Le gouvernement britannique a officialisé un projet de loi confirmant l'organisation d'ici à la fin 2017 d'un référendum sur "le maintien ou pas" du Royaume-Uni dans l'Union européenne, illustrant la volonté du Premier ministre David Cameron d'avancer au plus vite sur ce dossier.

Ce projet de loi a été annoncé devant le parlement de Westminster par Elizabeth II à l'occasion du traditionnel discours de la reine. Lu par la souveraine mais rédigé par le gouvernement, il présente le programme législatif pour les cinq années à venir et marque l'ouverture de la session parlementaire.

"Une loi sera présentée pour organiser un référendum sur le maintien ou pas (du Royaume-Uni) dans l'Union européenne avant la fin 2017", a-t-elle déclaré devant les parlementaires et les membres du gouvernement Cameron, qui ont écouté le discours debout. Le scrutin pourrait intervenir dès 2016. David Cameron avait promis pendant sa campagne électorale de mettre en place cette consultation en cas de victoire aux législatives du 7 mai.

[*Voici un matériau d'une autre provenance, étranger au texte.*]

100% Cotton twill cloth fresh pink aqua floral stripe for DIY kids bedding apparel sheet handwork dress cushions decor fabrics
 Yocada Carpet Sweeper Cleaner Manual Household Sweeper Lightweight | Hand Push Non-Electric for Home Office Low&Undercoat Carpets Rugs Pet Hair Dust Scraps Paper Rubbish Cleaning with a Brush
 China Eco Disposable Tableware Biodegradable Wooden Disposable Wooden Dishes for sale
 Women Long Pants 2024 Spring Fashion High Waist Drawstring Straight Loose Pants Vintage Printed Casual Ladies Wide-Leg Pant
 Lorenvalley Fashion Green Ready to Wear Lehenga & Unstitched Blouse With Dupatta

Elizabeth II a également annoncé que le gouvernement introduirait un texte visant à garantir un gel des impôts sur les ménages jusqu'en 2020. Sur l'Europe, la reine a rappelé que le gouvernement n'organiserait de référendum qu'à l'issue d'une phase de renégociation des conditions d'appartenance du Royaume-Uni au groupe des 28.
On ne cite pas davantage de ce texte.